Si los cuervos hablaran, como lo hacía – con no poca arrogancia y desparpajo – aquel muñeco chulo llamado Rockefeller, dirían que hoy está el cielo más negro que sus alas. En España, los cuervos ya no son un poema. Esas bandas de albano-kosovares venidos de otras guerras y guerrillas, esos hombres helados, astutos e implacables que ni sufren ni sienten, han encontrado aquí su lugar y su tiempo, su bandera y su patria, y en el medio de un jueves nos deshojan con deshumanizada disciplina, haciendo de las plácidas afueras una novela negra, o un Chicago años veinte.
Yo no sé a ustedes, pero a mí esos tipos me dan más miedo que la muerte. Cada vez que oigo o leo de lo que son capaces para entrar y robar en una casa, me acuerdo con terror de esa novela, «A sangre fría», en que narró Capote su visita al Infierno. A la alegre pareja de asesinos sin causa la tengo yo clavada donde no puedo verme. Donde el asco se torna escalofrío. Donde casi me vuelvo peligrosa. Y es que, de la maldad, lo que me insubordina y estremece es esa piel viscosa, como de pez o rata, que cubre a quien la ejerce como un acto baldío.

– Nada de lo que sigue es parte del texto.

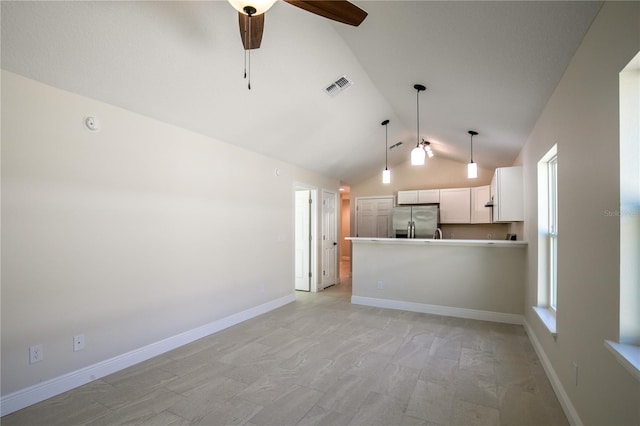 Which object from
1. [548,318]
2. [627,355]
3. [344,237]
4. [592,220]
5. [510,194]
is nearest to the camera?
[627,355]

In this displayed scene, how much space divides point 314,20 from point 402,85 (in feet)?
4.32

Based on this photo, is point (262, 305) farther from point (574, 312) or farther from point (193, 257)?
point (574, 312)

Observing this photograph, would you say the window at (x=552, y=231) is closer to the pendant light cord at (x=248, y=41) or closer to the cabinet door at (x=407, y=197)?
the pendant light cord at (x=248, y=41)

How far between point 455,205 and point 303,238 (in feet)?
11.2

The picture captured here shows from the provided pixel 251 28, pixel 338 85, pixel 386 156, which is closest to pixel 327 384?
pixel 251 28

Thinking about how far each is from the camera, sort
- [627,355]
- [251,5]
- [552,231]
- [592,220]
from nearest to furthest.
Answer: [627,355], [251,5], [592,220], [552,231]

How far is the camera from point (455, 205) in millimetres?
6656

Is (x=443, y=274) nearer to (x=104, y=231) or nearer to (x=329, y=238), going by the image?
(x=329, y=238)

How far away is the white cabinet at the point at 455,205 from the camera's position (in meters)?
6.53

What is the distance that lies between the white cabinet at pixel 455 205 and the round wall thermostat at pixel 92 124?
623 centimetres

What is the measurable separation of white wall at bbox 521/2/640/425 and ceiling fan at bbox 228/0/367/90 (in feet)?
3.98

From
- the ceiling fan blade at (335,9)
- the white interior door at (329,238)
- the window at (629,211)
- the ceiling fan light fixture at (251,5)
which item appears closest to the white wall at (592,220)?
the window at (629,211)

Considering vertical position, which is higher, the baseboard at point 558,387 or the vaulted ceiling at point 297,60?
the vaulted ceiling at point 297,60

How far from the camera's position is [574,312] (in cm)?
199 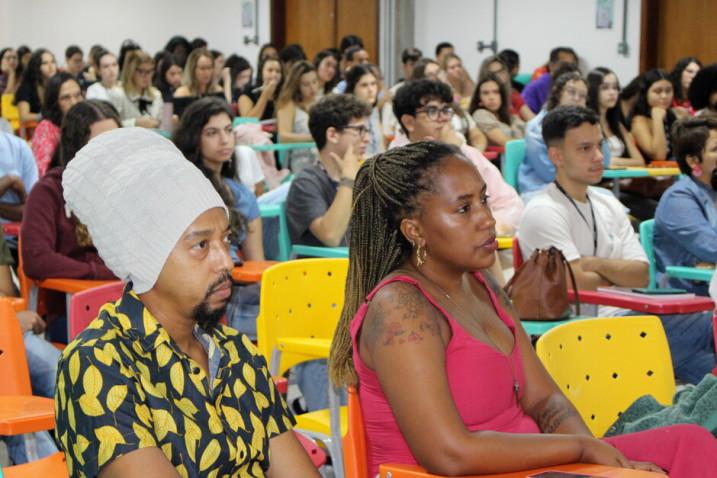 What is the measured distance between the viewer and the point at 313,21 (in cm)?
1477

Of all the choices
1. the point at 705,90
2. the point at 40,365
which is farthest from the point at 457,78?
the point at 40,365

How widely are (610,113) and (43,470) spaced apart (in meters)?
6.28

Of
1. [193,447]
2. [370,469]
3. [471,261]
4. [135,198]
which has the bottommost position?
[370,469]

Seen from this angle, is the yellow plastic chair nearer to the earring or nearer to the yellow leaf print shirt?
the earring

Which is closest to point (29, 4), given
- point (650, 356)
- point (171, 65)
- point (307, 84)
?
point (171, 65)

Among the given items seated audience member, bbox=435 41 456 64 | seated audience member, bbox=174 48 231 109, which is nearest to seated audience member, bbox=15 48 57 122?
seated audience member, bbox=174 48 231 109

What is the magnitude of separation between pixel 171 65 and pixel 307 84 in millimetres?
2998

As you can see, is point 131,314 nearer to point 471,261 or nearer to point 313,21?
point 471,261

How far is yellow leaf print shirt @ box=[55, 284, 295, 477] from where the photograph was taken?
1.57 meters

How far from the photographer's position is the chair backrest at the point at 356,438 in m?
2.13

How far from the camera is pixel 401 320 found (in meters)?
2.03

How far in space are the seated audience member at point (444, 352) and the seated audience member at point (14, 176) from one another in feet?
9.09

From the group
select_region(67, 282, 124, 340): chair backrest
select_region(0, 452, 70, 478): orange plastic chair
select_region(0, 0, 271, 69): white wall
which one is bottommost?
select_region(0, 452, 70, 478): orange plastic chair

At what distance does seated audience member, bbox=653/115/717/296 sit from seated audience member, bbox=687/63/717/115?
3.13 m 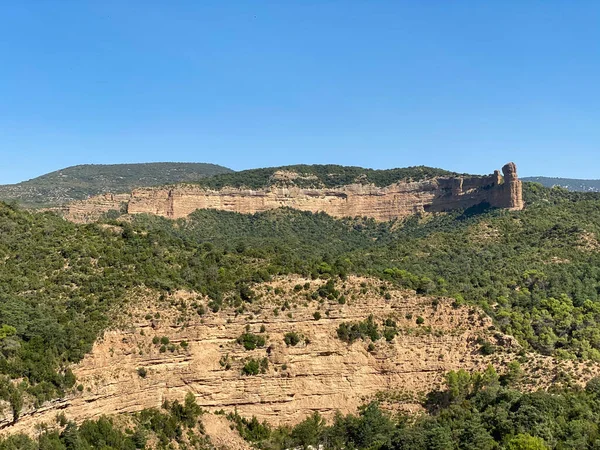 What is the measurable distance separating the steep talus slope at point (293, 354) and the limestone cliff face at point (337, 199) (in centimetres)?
6027

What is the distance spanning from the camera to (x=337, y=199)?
130125 millimetres

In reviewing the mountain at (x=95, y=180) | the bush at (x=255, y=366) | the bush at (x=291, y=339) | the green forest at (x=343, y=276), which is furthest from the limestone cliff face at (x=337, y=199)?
the bush at (x=255, y=366)

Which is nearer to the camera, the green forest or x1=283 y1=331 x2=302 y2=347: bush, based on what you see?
the green forest

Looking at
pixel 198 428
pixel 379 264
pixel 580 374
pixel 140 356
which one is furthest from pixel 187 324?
pixel 379 264

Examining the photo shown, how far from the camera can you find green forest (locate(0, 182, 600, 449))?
36.9 m

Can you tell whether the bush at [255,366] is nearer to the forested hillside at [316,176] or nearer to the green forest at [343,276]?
the green forest at [343,276]

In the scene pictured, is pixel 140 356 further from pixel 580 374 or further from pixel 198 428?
pixel 580 374

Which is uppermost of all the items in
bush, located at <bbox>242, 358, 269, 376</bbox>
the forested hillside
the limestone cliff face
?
the forested hillside

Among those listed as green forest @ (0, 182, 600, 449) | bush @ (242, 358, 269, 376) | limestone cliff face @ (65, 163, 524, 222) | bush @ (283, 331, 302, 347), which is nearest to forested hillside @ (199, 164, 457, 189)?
limestone cliff face @ (65, 163, 524, 222)

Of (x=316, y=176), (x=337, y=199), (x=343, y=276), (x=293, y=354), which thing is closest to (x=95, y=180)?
(x=316, y=176)

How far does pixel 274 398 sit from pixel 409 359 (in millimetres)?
10144

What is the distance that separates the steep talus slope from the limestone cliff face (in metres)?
60.3

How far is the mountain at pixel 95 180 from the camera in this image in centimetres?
14400

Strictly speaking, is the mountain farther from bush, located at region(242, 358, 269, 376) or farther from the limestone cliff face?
bush, located at region(242, 358, 269, 376) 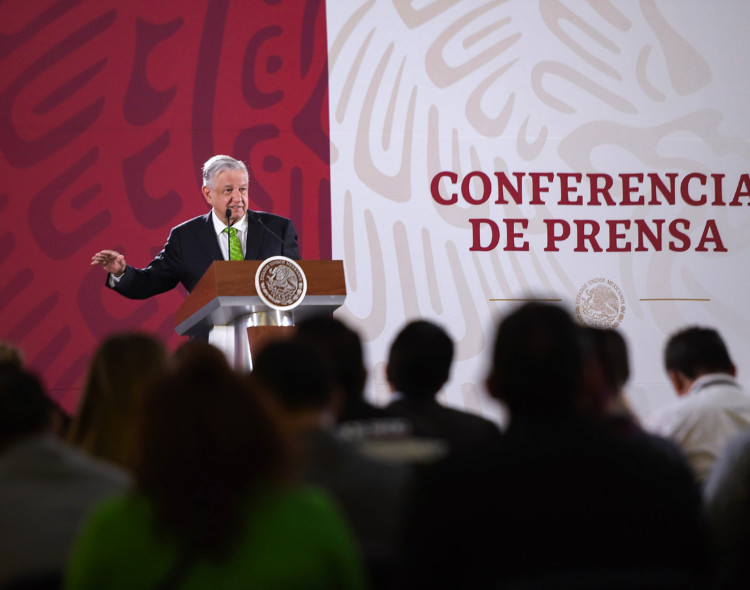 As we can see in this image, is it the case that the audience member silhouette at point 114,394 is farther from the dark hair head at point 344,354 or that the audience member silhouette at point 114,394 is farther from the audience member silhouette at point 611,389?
the audience member silhouette at point 611,389

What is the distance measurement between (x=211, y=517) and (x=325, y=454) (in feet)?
1.20

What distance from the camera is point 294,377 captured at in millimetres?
1491

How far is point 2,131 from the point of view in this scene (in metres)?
5.62

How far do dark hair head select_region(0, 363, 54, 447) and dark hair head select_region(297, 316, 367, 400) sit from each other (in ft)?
1.74

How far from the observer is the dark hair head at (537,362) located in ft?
4.49

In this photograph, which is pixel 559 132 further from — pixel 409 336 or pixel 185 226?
pixel 409 336

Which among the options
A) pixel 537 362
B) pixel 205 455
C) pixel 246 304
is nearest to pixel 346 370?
pixel 537 362

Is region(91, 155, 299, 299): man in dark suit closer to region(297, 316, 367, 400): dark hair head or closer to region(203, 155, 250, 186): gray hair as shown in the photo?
region(203, 155, 250, 186): gray hair

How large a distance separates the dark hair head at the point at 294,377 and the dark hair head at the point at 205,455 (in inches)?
10.1

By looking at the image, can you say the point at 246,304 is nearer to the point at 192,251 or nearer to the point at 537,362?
Answer: the point at 192,251

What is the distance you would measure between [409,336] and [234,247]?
2.25m

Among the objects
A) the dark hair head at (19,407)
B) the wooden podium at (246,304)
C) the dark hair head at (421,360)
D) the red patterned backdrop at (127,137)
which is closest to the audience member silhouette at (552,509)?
the dark hair head at (19,407)

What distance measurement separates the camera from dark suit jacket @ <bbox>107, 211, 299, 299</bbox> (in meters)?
4.36

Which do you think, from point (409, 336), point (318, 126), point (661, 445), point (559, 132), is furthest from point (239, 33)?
point (661, 445) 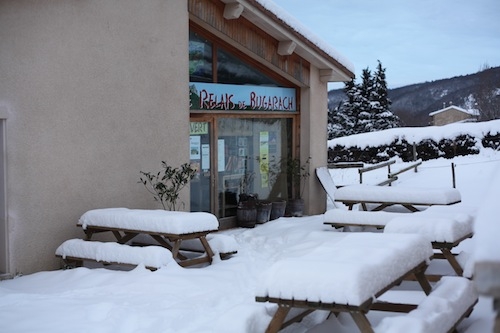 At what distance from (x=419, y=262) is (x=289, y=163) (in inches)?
334

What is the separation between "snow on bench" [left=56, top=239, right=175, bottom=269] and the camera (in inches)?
318

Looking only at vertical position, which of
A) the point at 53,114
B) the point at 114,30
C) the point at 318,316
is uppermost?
the point at 114,30

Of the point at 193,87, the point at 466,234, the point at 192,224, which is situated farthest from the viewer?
the point at 193,87

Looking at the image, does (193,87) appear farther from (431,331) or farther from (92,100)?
(431,331)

Esos tipos, ahora, le han abierto por gusto la cabeza a José Luis Moreno, que dicen que convierte en oro lo que toca, aunque, también se dice, administra con celo los milagros. Le han robado la bolsa y no sé si la vida. Nadie pudo impedirlo y nadie impedirá que esos u otros ladrones, poco o nada enguantados, entren en otras dachas a convertir un sueño en pesadilla. Como el «sheriff» está de vacaciones, no se sabe muy bien quién nos defiende. Te sale un politono, si llamas al Estado. Y se ve que en el pueblo (global) ya nos han visto la cara de corderos degollados.